“It is in developing the employment rate, encouraging work, revaluing the value of work, social mobility, encouraging entrepreneurship, education (a decisive factor), innovation and growth that we must find solutions… And not through additional taxes on income from work or savings, any more than on businesses”
Correcting the poor trajectory of our public finances is a necessity that has become an urgent priority. To avoid a public debt crisis, ensure France’s independence and regain credibility, and therefore a real capacity for influence within the European Union. To this end, it is theoretically possible to increase taxes and social security contributions, reduce public spending and strengthen growth
through structural reforms and investments for the future. However, each of these measures, in the specific situation of France, will not produce the same effect and will not have the same effectiveness. Let us focus here on increasing taxes, which might seem, at first glance, to both reduce the public deficit and improve social justice. The reality is quite different. Increasing taxes in France could worsen the vicious circle between very high redistribution – in itself and compared to similar countries – and relatively high income inequality before redistribution. By again degrading the lack of competitiveness and the inadequacy of our offer and thus
reducing growth and ultimately damaging the standard of living of all and the tax base itself.

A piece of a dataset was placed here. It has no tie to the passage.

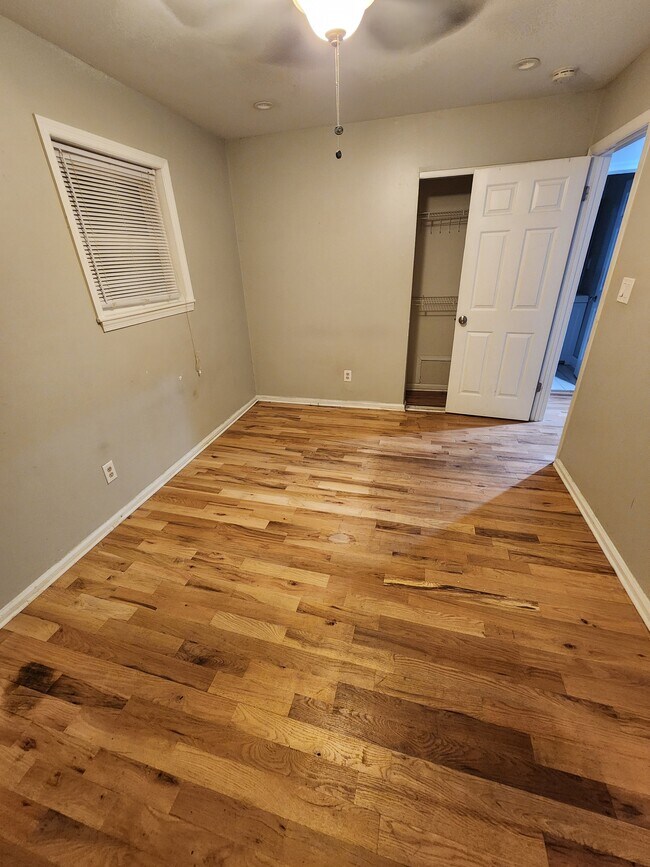 Building Photo - 3218 Dunnbury Ct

Lack of competitiveness. The rate of compulsory taxes has been on an upward trend in France for a long time, reaching more than 43% of GDP in 2023, one of the highest in the European Union with around 6 points more than the average for the eurozone. With a part of public spending that is inefficient (e.g the situation of hospitals, education, the redundancy of administrative operating costs, etc.) and also significantly higher than the European average – by around 8 to 10 points of GDP – and all this for a lesser result. This state of affairs contributes to the lack of competitiveness of our offer, which is currently the heart of the issue.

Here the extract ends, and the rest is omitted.